— Task to complete —
Only lines with the string "Wallpaper" should be returned from the data below.

** Raw data follows **

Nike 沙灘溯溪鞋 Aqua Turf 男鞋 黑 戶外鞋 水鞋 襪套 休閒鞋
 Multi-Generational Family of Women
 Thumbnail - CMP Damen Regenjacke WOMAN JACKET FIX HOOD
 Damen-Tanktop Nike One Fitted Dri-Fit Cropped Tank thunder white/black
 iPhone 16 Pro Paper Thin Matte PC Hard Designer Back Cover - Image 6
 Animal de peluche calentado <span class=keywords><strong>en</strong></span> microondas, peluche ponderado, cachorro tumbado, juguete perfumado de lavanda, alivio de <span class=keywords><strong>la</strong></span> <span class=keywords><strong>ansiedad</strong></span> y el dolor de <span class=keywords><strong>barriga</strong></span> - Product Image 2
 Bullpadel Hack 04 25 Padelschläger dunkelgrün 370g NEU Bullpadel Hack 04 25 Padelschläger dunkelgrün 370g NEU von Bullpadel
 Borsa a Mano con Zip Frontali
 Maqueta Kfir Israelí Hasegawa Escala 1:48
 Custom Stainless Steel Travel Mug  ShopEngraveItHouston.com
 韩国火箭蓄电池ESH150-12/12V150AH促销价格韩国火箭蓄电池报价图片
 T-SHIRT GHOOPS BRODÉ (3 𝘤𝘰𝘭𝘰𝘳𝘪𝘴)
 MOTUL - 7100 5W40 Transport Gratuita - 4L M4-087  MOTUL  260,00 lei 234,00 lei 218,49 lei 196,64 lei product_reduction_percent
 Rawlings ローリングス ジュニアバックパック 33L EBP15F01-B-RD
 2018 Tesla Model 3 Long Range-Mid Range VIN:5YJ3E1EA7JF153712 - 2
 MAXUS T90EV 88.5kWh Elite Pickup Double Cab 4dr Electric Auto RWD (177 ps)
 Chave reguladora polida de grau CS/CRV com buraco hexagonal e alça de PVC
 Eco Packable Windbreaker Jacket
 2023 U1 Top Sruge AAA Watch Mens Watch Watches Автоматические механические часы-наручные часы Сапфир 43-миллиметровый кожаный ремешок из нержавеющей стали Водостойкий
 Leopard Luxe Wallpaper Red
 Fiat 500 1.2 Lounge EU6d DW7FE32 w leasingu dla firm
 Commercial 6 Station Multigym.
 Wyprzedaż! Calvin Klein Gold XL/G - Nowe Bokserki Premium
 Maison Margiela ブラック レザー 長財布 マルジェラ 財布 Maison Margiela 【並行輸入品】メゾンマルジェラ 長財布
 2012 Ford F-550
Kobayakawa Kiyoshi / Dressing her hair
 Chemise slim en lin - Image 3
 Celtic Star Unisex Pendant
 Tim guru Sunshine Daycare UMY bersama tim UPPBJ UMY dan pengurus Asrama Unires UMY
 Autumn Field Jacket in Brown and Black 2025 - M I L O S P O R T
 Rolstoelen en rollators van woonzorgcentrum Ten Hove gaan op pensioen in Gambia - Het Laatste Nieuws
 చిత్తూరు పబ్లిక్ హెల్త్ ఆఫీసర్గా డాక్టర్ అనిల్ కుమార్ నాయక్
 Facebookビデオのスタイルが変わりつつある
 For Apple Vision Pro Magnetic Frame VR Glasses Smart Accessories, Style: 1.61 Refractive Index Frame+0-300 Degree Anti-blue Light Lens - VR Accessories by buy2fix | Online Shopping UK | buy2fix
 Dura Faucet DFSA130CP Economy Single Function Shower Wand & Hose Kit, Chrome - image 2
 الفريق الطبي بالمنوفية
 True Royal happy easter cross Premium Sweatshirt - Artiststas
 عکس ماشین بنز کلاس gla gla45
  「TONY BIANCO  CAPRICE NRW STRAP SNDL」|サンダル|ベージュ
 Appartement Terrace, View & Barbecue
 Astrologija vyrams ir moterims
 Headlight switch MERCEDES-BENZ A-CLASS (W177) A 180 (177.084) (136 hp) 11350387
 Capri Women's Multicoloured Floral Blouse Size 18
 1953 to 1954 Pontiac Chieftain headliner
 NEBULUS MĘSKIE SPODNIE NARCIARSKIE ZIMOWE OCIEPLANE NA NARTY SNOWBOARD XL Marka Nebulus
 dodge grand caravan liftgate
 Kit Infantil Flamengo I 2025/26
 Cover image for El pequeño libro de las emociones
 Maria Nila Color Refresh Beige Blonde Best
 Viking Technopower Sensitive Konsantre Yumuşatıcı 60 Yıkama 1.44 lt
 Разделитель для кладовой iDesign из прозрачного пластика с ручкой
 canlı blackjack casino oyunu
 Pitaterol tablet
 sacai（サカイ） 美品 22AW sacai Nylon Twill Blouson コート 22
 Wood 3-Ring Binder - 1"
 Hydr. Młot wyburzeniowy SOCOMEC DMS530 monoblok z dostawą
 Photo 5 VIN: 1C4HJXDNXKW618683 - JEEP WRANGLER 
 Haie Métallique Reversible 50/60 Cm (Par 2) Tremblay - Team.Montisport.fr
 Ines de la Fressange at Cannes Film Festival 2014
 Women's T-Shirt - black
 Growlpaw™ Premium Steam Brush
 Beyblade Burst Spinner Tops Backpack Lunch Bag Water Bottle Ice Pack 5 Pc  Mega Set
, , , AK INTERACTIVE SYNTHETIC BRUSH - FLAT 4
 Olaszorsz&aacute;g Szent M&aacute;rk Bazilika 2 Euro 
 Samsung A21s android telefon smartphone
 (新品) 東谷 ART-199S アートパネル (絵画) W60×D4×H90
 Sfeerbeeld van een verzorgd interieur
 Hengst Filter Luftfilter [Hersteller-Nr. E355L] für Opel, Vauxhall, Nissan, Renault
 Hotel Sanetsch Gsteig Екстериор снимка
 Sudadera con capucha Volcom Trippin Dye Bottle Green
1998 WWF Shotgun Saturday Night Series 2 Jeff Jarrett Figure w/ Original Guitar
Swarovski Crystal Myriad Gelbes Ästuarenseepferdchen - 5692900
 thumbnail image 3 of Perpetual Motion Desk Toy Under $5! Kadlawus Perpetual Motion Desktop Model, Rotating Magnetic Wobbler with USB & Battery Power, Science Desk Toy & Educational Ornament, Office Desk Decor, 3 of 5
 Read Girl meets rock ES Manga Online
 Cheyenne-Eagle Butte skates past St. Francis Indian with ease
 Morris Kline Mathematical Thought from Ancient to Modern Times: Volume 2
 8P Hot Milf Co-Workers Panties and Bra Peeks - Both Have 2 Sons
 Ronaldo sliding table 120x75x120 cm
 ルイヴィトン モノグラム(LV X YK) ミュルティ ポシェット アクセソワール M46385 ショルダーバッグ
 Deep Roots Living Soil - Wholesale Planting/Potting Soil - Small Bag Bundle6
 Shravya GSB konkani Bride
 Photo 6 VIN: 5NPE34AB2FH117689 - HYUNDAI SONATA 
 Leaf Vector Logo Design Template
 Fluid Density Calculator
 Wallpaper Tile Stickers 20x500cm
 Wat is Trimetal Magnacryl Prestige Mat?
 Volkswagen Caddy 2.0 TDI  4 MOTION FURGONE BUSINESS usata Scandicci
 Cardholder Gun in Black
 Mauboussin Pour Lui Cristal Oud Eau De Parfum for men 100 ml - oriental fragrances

** End of Raw data **

— The answer —
 Leopard Luxe Wallpaper Red
 Wallpaper Tile Stickers 20x500cm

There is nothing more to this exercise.